• **Required work**:
Scan the entries that follow and work out how many lines contain "Vest". Give the number and nothing else.

• **Input**:
•••••

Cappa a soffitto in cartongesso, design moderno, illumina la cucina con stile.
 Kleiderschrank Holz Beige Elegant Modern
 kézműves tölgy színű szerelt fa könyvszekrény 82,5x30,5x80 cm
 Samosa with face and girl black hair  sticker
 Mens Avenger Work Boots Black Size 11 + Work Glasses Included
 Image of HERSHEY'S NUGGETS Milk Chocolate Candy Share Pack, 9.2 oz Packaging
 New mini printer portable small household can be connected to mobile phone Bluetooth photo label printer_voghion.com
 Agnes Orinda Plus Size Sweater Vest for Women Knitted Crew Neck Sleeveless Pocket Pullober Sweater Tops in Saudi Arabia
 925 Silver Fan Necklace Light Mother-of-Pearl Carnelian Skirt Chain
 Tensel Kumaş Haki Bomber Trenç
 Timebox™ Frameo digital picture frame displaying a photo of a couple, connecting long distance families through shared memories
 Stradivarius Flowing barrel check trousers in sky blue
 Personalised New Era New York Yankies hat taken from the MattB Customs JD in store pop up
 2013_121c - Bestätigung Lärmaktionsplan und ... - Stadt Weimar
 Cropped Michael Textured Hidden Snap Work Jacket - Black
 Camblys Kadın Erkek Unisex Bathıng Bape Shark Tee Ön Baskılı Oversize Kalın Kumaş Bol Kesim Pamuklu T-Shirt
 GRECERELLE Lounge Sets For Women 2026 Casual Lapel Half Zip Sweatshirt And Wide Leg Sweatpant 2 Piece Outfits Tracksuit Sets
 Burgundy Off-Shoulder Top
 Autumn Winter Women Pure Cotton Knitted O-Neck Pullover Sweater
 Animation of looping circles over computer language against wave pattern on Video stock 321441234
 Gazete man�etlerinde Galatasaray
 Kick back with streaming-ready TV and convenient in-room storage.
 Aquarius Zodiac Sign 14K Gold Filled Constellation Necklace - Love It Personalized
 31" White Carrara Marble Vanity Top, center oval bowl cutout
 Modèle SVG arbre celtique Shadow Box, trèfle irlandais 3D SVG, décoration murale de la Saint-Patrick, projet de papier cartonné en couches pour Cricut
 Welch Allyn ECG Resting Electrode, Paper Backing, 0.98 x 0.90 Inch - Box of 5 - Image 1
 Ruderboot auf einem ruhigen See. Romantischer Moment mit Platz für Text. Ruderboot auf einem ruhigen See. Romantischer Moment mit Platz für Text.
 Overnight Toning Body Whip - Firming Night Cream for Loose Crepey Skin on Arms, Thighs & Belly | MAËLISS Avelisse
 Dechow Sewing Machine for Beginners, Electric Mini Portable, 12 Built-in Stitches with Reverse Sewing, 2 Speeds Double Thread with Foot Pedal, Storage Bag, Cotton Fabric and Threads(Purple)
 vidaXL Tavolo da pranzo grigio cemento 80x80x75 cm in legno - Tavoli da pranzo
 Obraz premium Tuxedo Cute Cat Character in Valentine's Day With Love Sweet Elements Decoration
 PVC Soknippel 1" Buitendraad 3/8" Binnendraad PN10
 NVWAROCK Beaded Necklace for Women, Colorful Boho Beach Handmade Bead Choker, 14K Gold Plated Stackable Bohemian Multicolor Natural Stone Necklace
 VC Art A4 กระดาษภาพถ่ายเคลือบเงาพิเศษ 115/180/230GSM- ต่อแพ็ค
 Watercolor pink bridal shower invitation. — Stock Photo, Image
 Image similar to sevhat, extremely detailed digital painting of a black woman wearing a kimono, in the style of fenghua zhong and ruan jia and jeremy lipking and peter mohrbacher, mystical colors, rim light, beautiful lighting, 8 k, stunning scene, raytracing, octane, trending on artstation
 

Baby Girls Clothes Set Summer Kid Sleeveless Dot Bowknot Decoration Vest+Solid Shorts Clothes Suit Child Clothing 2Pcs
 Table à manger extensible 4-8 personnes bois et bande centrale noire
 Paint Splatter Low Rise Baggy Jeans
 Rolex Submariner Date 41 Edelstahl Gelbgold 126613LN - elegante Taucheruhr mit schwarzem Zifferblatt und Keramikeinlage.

•••••

• **Completed exercise**:
2